[Records from a data collection]
+ + +

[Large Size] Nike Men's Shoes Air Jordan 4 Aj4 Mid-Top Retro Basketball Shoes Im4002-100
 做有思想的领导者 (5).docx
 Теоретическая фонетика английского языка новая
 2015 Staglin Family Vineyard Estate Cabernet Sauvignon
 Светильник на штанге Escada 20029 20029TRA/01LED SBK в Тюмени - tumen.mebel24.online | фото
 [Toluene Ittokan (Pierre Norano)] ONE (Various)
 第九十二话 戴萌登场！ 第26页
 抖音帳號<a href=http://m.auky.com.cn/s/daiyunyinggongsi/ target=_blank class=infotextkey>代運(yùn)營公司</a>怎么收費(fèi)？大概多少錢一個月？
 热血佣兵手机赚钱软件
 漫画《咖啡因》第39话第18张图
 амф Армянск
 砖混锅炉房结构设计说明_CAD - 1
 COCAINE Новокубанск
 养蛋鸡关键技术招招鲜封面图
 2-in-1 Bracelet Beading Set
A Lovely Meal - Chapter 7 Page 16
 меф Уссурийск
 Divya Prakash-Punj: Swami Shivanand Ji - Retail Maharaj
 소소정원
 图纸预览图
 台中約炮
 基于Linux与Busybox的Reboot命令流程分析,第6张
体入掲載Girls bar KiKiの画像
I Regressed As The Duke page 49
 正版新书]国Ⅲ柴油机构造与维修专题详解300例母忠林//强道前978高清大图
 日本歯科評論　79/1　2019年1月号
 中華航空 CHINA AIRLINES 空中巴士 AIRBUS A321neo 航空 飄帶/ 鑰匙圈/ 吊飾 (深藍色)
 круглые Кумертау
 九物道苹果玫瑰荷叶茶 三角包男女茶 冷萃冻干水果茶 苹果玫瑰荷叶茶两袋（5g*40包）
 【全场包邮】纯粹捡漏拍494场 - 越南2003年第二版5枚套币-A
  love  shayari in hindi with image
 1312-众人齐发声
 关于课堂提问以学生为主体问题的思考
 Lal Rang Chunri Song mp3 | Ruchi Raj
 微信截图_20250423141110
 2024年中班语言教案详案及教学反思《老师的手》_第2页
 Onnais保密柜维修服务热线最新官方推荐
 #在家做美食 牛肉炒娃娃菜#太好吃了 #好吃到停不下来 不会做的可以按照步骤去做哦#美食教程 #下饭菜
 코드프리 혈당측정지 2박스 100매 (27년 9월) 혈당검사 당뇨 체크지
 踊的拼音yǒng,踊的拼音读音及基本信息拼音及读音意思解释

+ + +

Word for word, give back all of the records.

### Response
[Large Size] Nike Men's Shoes Air Jordan 4 Aj4 Mid-Top Retro Basketball Shoes Im4002-100
 做有思想的领导者 (5).docx
 Теоретическая фонетика английского языка новая
 2015 Staglin Family Vineyard Estate Cabernet Sauvignon
 Светильник на штанге Escada 20029 20029TRA/01LED SBK в Тюмени - tumen.mebel24.online | фото
 [Toluene Ittokan (Pierre Norano)] ONE (Various)
 第九十二话 戴萌登场！ 第26页
 抖音帳號<a href=http://m.auky.com.cn/s/daiyunyinggongsi/ target=_blank class=infotextkey>代運(yùn)營公司</a>怎么收費(fèi)？大概多少錢一個月？
 热血佣兵手机赚钱软件
 漫画《咖啡因》第39话第18张图
 амф Армянск
 砖混锅炉房结构设计说明_CAD - 1
 COCAINE Новокубанск
 养蛋鸡关键技术招招鲜封面图
 2-in-1 Bracelet Beading Set
A Lovely Meal - Chapter 7 Page 16
 меф Уссурийск
 Divya Prakash-Punj: Swami Shivanand Ji - Retail Maharaj
 소소정원
 图纸预览图
 台中約炮
 基于Linux与Busybox的Reboot命令流程分析,第6张
体入掲載Girls bar KiKiの画像
I Regressed As The Duke page 49
 正版新书]国Ⅲ柴油机构造与维修专题详解300例母忠林//强道前978高清大图
 日本歯科評論　79/1　2019年1月号
 中華航空 CHINA AIRLINES 空中巴士 AIRBUS A321neo 航空 飄帶/ 鑰匙圈/ 吊飾 (深藍色)
 круглые Кумертау
 九物道苹果玫瑰荷叶茶 三角包男女茶 冷萃冻干水果茶 苹果玫瑰荷叶茶两袋（5g*40包）
 【全场包邮】纯粹捡漏拍494场 - 越南2003年第二版5枚套币-A
  love  shayari in hindi with image
 1312-众人齐发声
 关于课堂提问以学生为主体问题的思考
 Lal Rang Chunri Song mp3 | Ruchi Raj
 微信截图_20250423141110
 2024年中班语言教案详案及教学反思《老师的手》_第2页
 Onnais保密柜维修服务热线最新官方推荐
 #在家做美食 牛肉炒娃娃菜#太好吃了 #好吃到停不下来 不会做的可以按照步骤去做哦#美食教程 #下饭菜
 코드프리 혈당측정지 2박스 100매 (27년 9월) 혈당검사 당뇨 체크지
 踊的拼音yǒng,踊的拼音读音及基本信息拼音及读音意思解释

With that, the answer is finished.